— Exercise directions —
Reproduce, from the lines below, exactly the stretch that begins at the line containing "PHP gives us" and ends at the line containing "Motion estimation mode: when", both included.
BEGIN Records provided
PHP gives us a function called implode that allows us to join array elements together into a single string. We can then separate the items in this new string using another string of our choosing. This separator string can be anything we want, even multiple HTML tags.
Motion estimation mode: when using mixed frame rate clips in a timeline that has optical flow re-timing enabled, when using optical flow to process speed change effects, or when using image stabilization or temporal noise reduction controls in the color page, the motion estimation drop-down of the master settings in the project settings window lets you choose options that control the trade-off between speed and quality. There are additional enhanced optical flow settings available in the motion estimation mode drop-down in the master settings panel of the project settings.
END Records provided
BEGIN Records provided
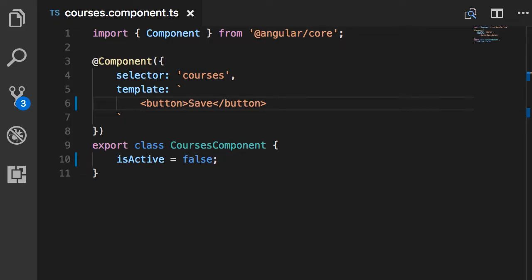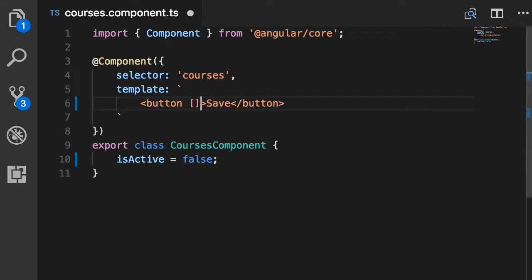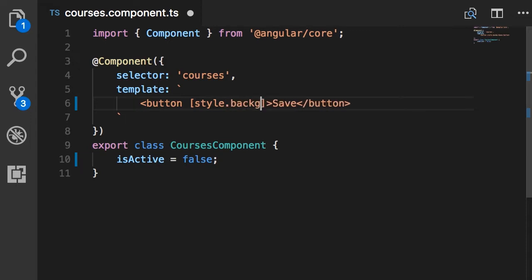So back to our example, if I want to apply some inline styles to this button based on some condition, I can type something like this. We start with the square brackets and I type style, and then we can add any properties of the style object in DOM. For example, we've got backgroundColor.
END Records provided
BEGIN Records provided
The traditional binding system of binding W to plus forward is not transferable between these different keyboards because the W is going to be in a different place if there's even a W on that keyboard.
END Records provided
— Written response —
PHP gives us a function called implode that allows us to join array elements together into a single string. We can then separate the items in this new string using another string of our choosing. This separator string can be anything we want, even multiple HTML tags.
Motion estimation mode: when using mixed frame rate clips in a timeline that has optical flow re-timing enabled, when using optical flow to process speed change effects, or when using image stabilization or temporal noise reduction controls in the color page, the motion estimation drop-down of the master settings in the project settings window lets you choose options that control the trade-off between speed and quality. There are additional enhanced optical flow settings available in the motion estimation mode drop-down in the master settings panel of the project settings.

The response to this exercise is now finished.